Recently though there has been a blurring of the lines between the dream and the reality and what has passed as the fulfillment of the American Dream has actually been just an image.
Free flowing credit has created an image of success and now all that is left for many people is the bills. Homes have been foreclosed, cars repossessed, and credit reports ruined. It is my opinion that this was a systematic attempt by the banks to promote big spending by us to to make big short term profits for them. The financial institutions have enticed us into thinking that spending more than we make is the quickest and best way to fulfill our dreams. Yes, there is much fault on the economy, the banks, and other forces that have brought many families to a downturn but much of where we are at now may be a direct result of our own choices. I know that either one of these positions - corporate greed and manipulation, or personal responsibility can both be touchy subjects but unless it is said we will not have the will or the courage we need to deal with the tasks that need to be accomplished.
Where to start? In The Trenches has charts to help you set up your own personal budget. And here we will talk about one of the first steps to determine whether you have been living the dream or the image. Create a balance sheet. Don't groan. We work too hard to not take a look. If you have never done one there is a sample in the book or you can go to your bank and they can assist you.
The balance sheet is a tremendously helpful tool.

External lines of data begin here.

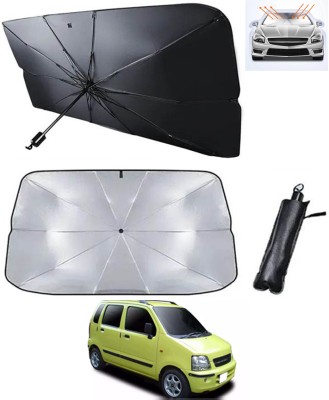 RKPSP Windshield Sun Shade For Maruti Suzuki Universal For Car(Silver, Black)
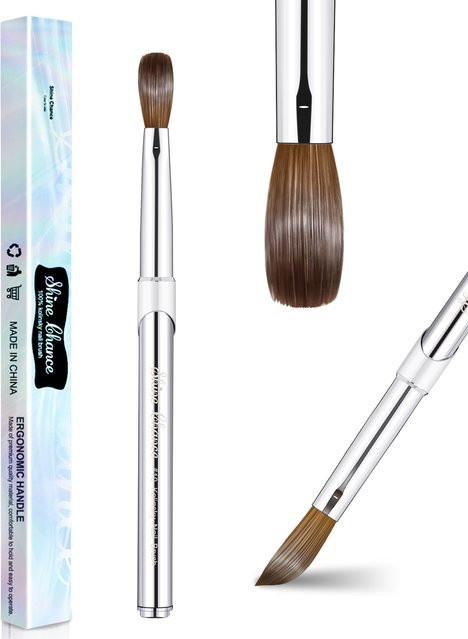 Shine Chance Acryl-Nagelkunstpinsel, oval, 100 % Kolinsky-Haar, Unisex - Bild 1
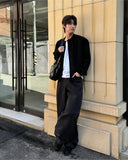 Wide leg denim pants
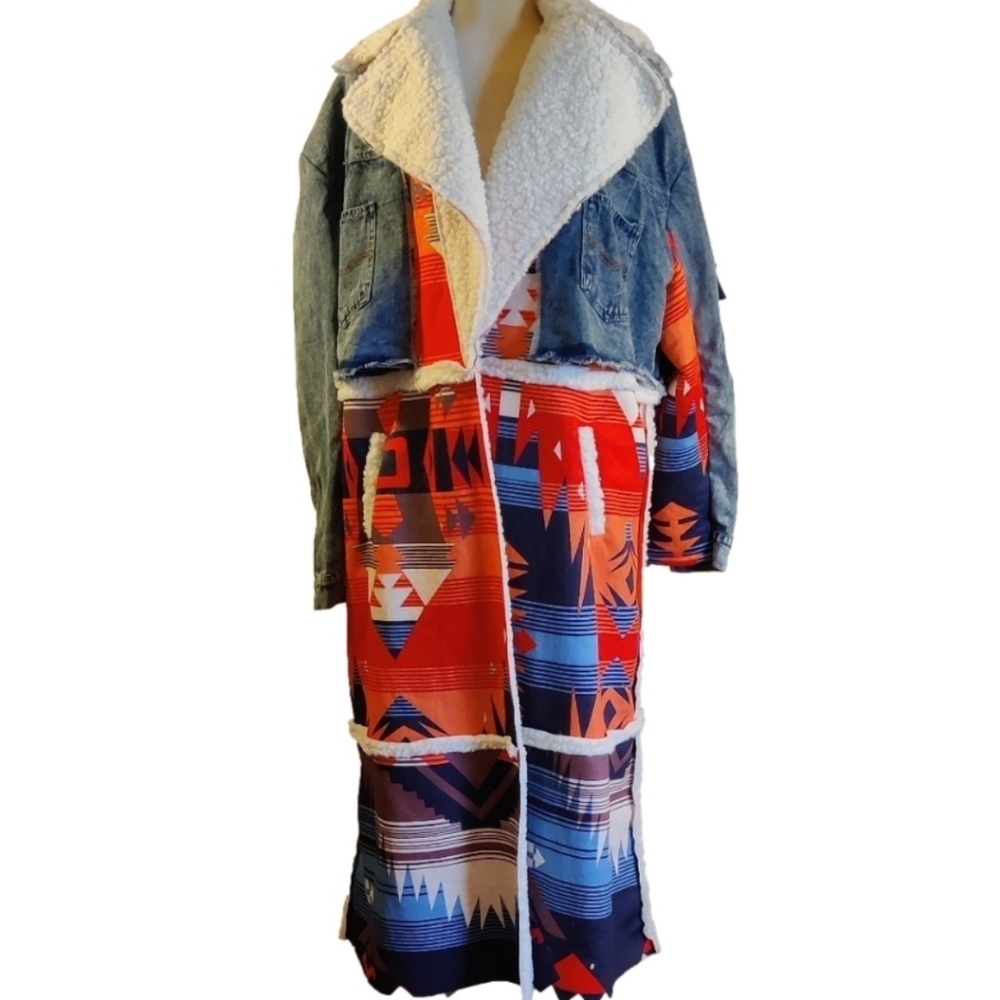 Loragal Women's Mixed Patchwork and Denim Aztec Print Coat NWT Size 3XL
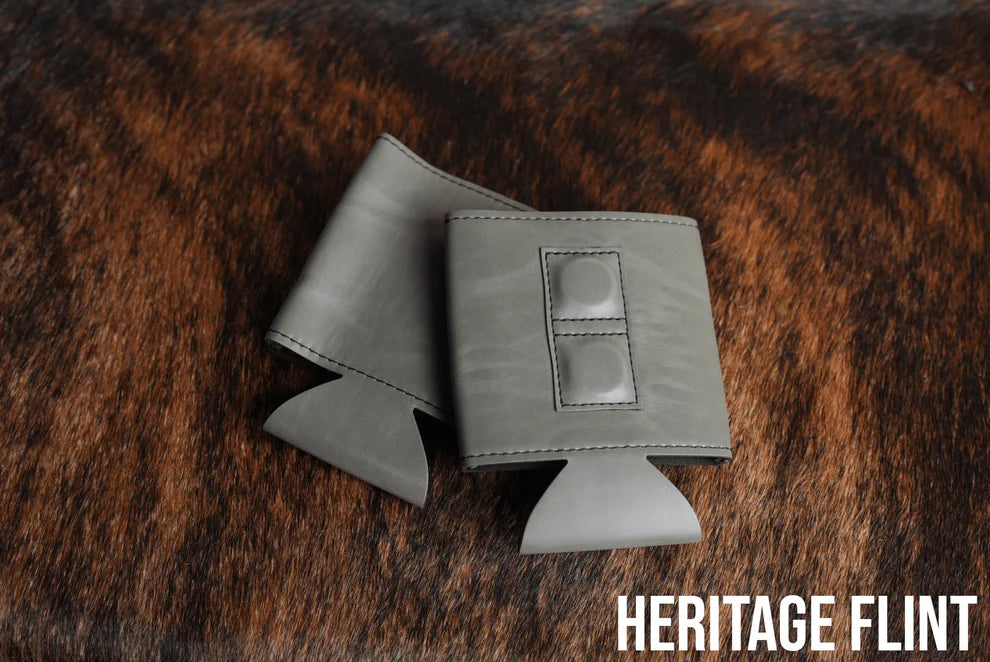 Heritage Collection Magnetic Leather Koozie - Set of 5
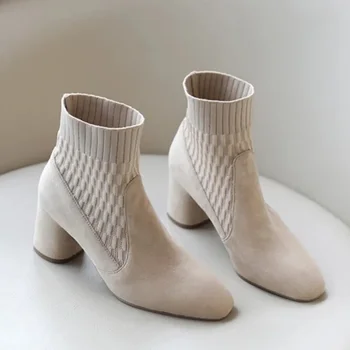 Модные ботильоны с острым носком Теплые женские сапоги челси из искусственной замши для женщин Массивные вязаные носки на высоком каблуке Ботас Mujer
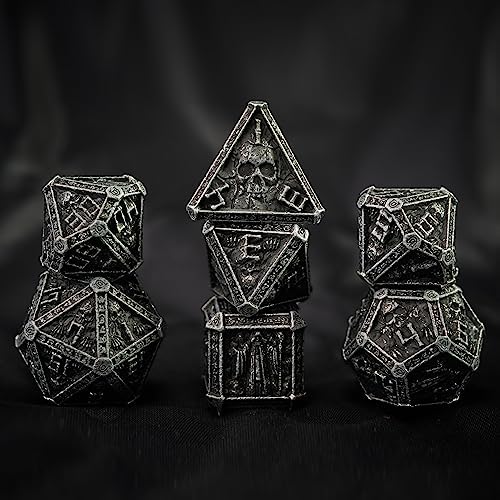 UD Unique Dice Skull Dice Bone Dice RPG DND Metal D&D Skull Polyhedral Dice Set with DND Dice Set for MTG RPG Table Games D4 D6 D8 D10 D12 D20 D100 - 1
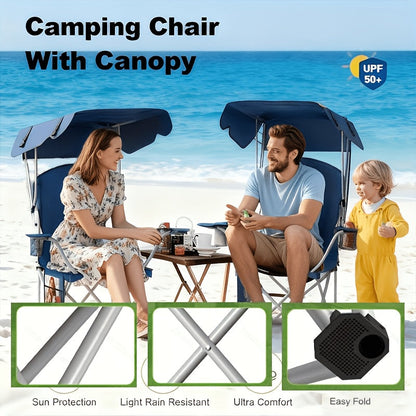 Portable Camping Chair with Canopy – Folding Chair with UV Sun Shade 600D Oxford Fabric Lightweight & Durable for Camping Beach Picnics Fishing & Sports, 4 Colors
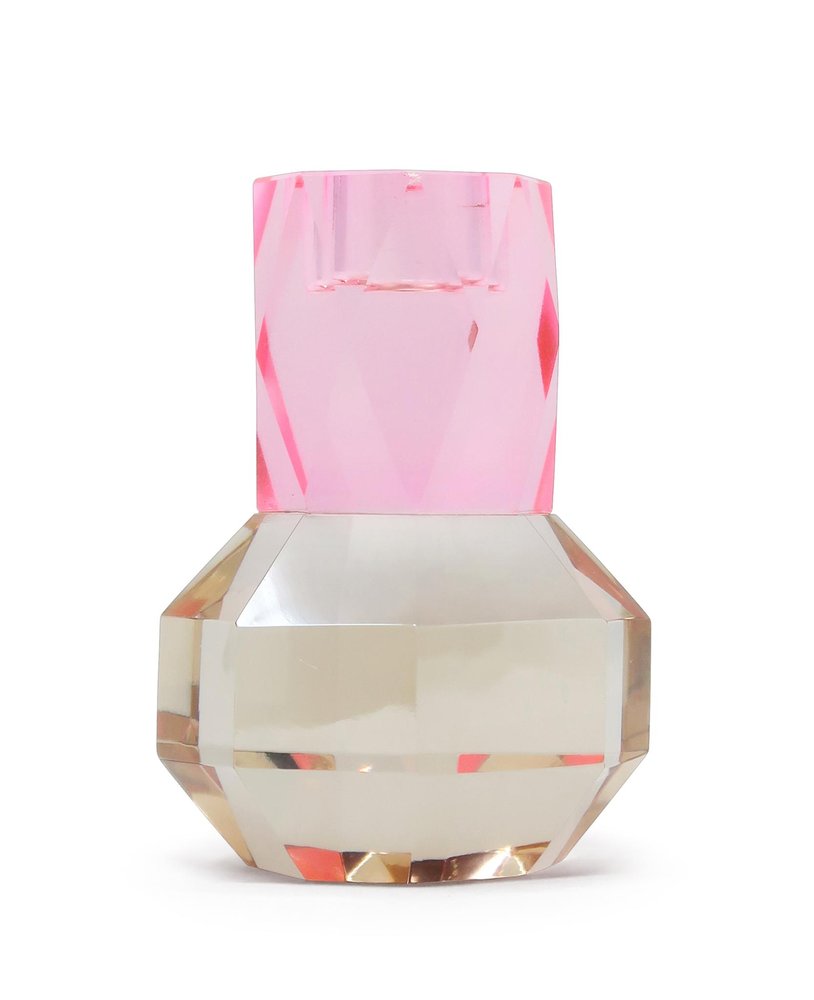 5" Pink And Clear Faceted Crystal Tabletop Taper Candlestick — view 3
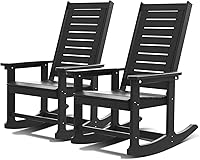 GreenVines Outdoor Rocking Chairs Set of 2 - HDPE All-Weather Porch Rockers Black Oversized High Back Big & Tall Patio Furniture
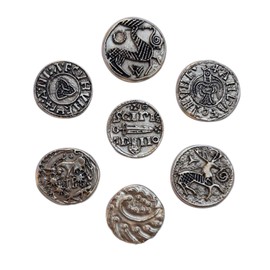 Viking Coins Silver Plated Metal Viking Treasure Original Gift Gadget Idea for Fans Cosplay Fantasy Set 7 Reproduction Vikings Coins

It compares your assets to your debts and the difference is your net worth. This is the value of what you have accumulated for all your hard work. If this is your first time to make one it can be a starting point. Save it on the computer or print it and keep it in a three ring binder. At the end of the year do another one and compare. Are you moving forward, running in place, or losing ground? Are you creating wealth or creating debt? These questions cannot be answered by looking at your new t.v. or new car, or even your paycheck. All these things can mislead you into thinking that your situation is improving. Most of us are In The Trenches.
Are you living the American Dream or just an image?